Cuellar, Segovia - lunch 3.15pm. For 20kms we have followed the same route as we did last year on the road from Bilbao to Sevilla.

In Campaspero several of the locals who were enjoying their Sunday cervezas outside the bars and cafés clearly recognised us.

"Mire! Es El Cabron!"

"Si Senior, and he have brought with him all the same old kit he brought last year! His chain iss muy knackered!"

"Si. At least Monty Panesar bring with him a new bike and gel shorts."

Pedrazas de San Esteban, 7pm.

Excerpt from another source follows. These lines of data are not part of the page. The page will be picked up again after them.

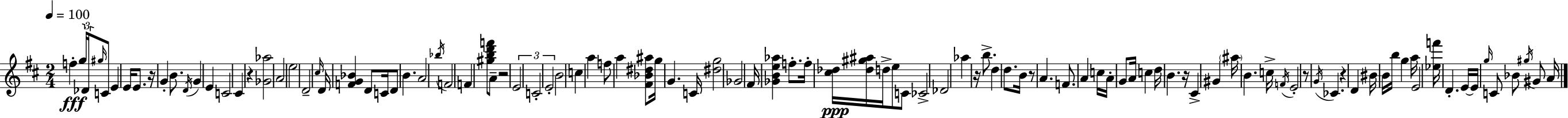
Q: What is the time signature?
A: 2/4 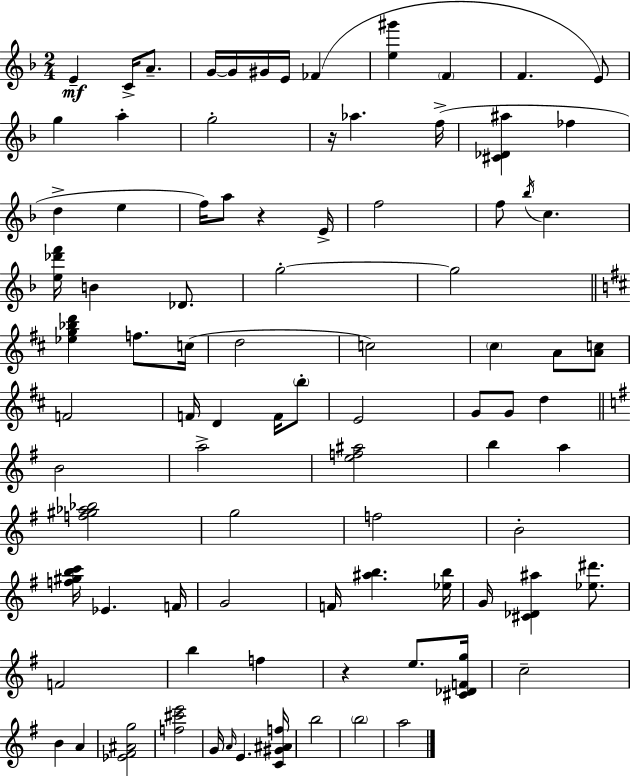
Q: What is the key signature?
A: F major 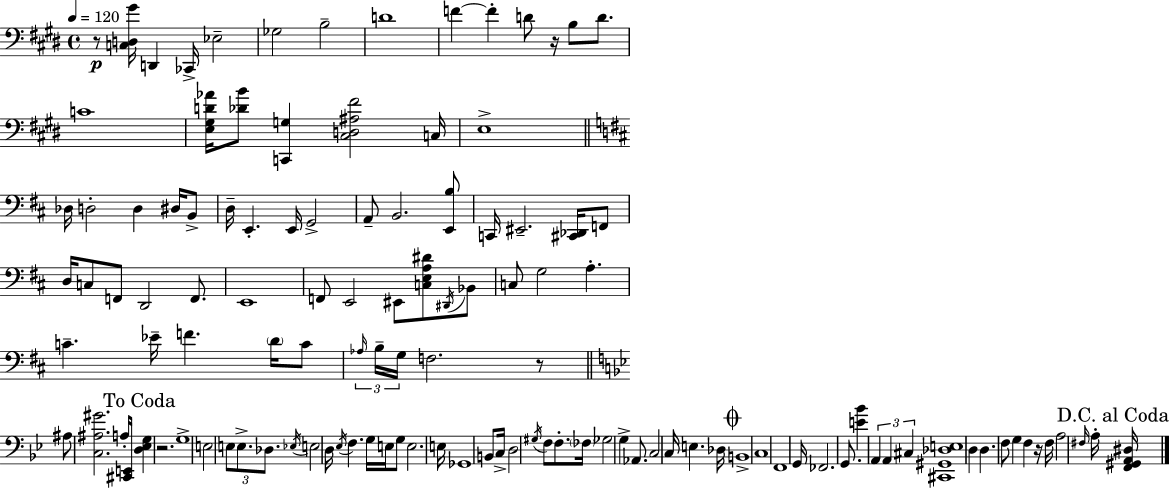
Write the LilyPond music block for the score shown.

{
  \clef bass
  \time 4/4
  \defaultTimeSignature
  \key e \major
  \tempo 4 = 120
  r8\p <c d gis'>16 d,4 ces,16-> ees2-- | ges2 b2-- | d'1 | f'4~~ f'4-. d'8 r16 b8 d'8. | \break c'1 | <e gis d' aes'>16 <des' b'>8 <c, g>4 <cis d ais fis'>2 c16 | e1-> | \bar "||" \break \key d \major des16 d2-. d4 dis16 b,8-> | d16-- e,4.-. e,16 g,2-> | a,8-- b,2. <e, b>8 | c,16 eis,2.-- <cis, des,>16 f,8 | \break d16 c8 f,8 d,2 f,8. | e,1 | f,8 e,2 eis,8 <c e a dis'>8 \acciaccatura { dis,16 } bes,8 | c8 g2 a4.-. | \break c'4.-- ees'16-- f'4. \parenthesize d'16 c'8 | \tuplet 3/2 { \grace { aes16 } b16-- g16 } f2. | r8 \bar "||" \break \key bes \major ais8 <c ais gis'>2. a16-. <cis, e,>16 | \mark "To Coda" <d ees g>4 r2. | g1-> | e2 \tuplet 3/2 { e8 e8.-> des8. } | \break \acciaccatura { ees16 } e2 d16 \acciaccatura { ees16 } f4. | g16 e16 g8 e2. | e16 ges,1 | b,8 c16-> d2 \acciaccatura { gis16 } f8 | \break f8.-. \parenthesize fes16 ges2 g4-> | aes,8. c2 c16 e4. | des16 \mark \markup { \musicglyph "scripts.coda" } b,1-> | c1 | \break f,1 | g,16 fes,2. | g,8. <e' bes'>4 \tuplet 3/2 { a,4 a,4 cis4 } | <cis, gis, des e>1 | \break d4 d4. f8 g4 | f4 r16 f16 a2 | \grace { fis16 } a16-. \mark "D.C. al Coda" <f, gis, a, dis>16 \bar "|."
} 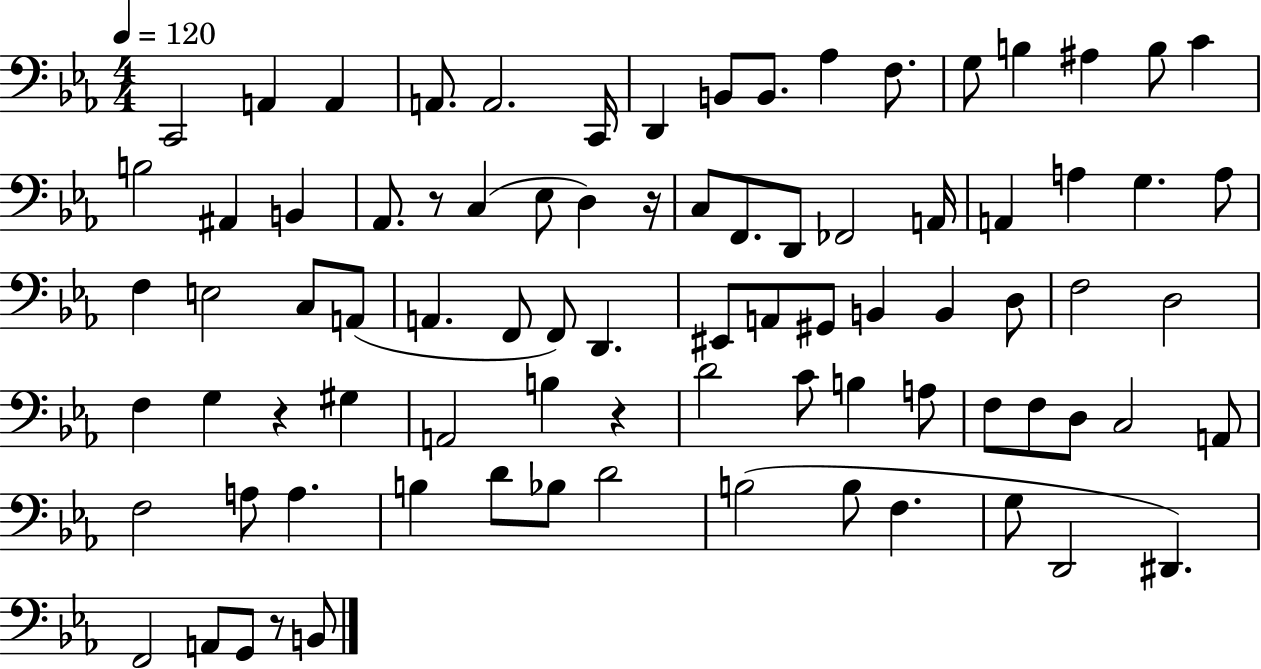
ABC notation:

X:1
T:Untitled
M:4/4
L:1/4
K:Eb
C,,2 A,, A,, A,,/2 A,,2 C,,/4 D,, B,,/2 B,,/2 _A, F,/2 G,/2 B, ^A, B,/2 C B,2 ^A,, B,, _A,,/2 z/2 C, _E,/2 D, z/4 C,/2 F,,/2 D,,/2 _F,,2 A,,/4 A,, A, G, A,/2 F, E,2 C,/2 A,,/2 A,, F,,/2 F,,/2 D,, ^E,,/2 A,,/2 ^G,,/2 B,, B,, D,/2 F,2 D,2 F, G, z ^G, A,,2 B, z D2 C/2 B, A,/2 F,/2 F,/2 D,/2 C,2 A,,/2 F,2 A,/2 A, B, D/2 _B,/2 D2 B,2 B,/2 F, G,/2 D,,2 ^D,, F,,2 A,,/2 G,,/2 z/2 B,,/2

Another 100 kilometres and we are in a one street town in the middle of nowhere that is a whole lot busier than anyone would imagine it should be.

The plan was to stop in Iscar, 5kms to the east, but when we got there a storm was brewing and the two hotels in town were shut on Sundays so I got the space blankets ready for a night in the open and we moved on.

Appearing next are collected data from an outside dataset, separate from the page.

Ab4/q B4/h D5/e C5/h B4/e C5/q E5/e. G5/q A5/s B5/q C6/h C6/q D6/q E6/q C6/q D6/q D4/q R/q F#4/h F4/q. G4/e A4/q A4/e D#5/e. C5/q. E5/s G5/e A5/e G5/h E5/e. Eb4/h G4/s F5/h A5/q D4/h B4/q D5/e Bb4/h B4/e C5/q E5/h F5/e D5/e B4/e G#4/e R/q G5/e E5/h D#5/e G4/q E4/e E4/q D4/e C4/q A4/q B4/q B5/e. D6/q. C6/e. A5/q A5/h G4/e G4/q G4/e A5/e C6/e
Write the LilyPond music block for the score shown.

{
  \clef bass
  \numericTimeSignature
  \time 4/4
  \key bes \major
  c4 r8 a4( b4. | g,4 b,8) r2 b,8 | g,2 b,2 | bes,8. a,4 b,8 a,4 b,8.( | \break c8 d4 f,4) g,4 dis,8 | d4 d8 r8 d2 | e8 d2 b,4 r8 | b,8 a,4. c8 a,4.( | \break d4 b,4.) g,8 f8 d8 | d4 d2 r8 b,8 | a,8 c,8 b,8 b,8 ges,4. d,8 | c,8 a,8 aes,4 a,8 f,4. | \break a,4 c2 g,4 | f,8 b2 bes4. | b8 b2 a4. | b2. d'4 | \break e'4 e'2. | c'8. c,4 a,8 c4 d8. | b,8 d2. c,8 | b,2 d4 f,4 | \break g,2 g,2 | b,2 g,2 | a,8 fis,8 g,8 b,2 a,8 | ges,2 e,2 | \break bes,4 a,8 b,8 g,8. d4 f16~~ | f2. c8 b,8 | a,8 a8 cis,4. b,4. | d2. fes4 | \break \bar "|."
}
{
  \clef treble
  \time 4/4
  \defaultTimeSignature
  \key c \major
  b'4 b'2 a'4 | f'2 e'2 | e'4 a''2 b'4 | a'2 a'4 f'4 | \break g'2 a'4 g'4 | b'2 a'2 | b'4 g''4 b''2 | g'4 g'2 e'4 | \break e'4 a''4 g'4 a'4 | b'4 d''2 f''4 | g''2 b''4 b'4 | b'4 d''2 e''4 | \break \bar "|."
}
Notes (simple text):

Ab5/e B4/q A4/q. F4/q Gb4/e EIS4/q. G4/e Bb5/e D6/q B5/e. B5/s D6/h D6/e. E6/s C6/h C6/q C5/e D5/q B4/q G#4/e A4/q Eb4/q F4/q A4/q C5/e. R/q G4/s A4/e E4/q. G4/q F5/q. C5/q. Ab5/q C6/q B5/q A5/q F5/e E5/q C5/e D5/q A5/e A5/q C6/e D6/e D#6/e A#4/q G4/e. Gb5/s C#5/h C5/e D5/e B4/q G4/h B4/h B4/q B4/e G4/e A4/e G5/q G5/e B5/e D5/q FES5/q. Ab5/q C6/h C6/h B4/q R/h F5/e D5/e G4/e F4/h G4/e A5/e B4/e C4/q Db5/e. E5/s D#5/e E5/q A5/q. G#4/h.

A lot of people ask what we do all day on a bike.

One of the things we do is hallucinate, probably due to the lack of food.

Today I spotted a statue of Winston Churchill smoking a fat cigar but it turned out to be the funnel of a chemical plant.

Later on the Goat had similar problems identifying a pair of grain silos, claiming that he could see the Everly Brothers.

All the talk in the bars here is of Alberto Contador and his forthcoming battle against Lance Armstrong in the Tour de France.

Before we left Blighty there was a documentary on Channel 4 called The Science of Lance Armstrong which showed the level of microscopic analysis undertaken by Armstrong's team in their search for the perfect ride.

Mostly the said research was conducted in an aviation wind tunnel.

A £5,000 bike was set up with Lance in his streamlined kit on board with an engine off a Boeing 747 blowing wind past him at a thousand kph.

None of this would make a blind bit of difference to us of course but, for a moment, I have this vision of the Goat in the tunnel with his panniers flapping shabbily at the back of his bike and his ridiculous headband disturbing the airflow over his head when one of Lance's technicians walks in and says, "Who's left this bag of burro crap in the wind tunnel?"

Meantime the computers are registering a drag coefficient so far off the scale that red lights start flashing and bleeps start bleeping all of which is a precursor to the inevitable smoke that will indicate that the whole shooting match is about to blow - that is The Science of The Goat and, believe me, the Tour de France has nothing to fear.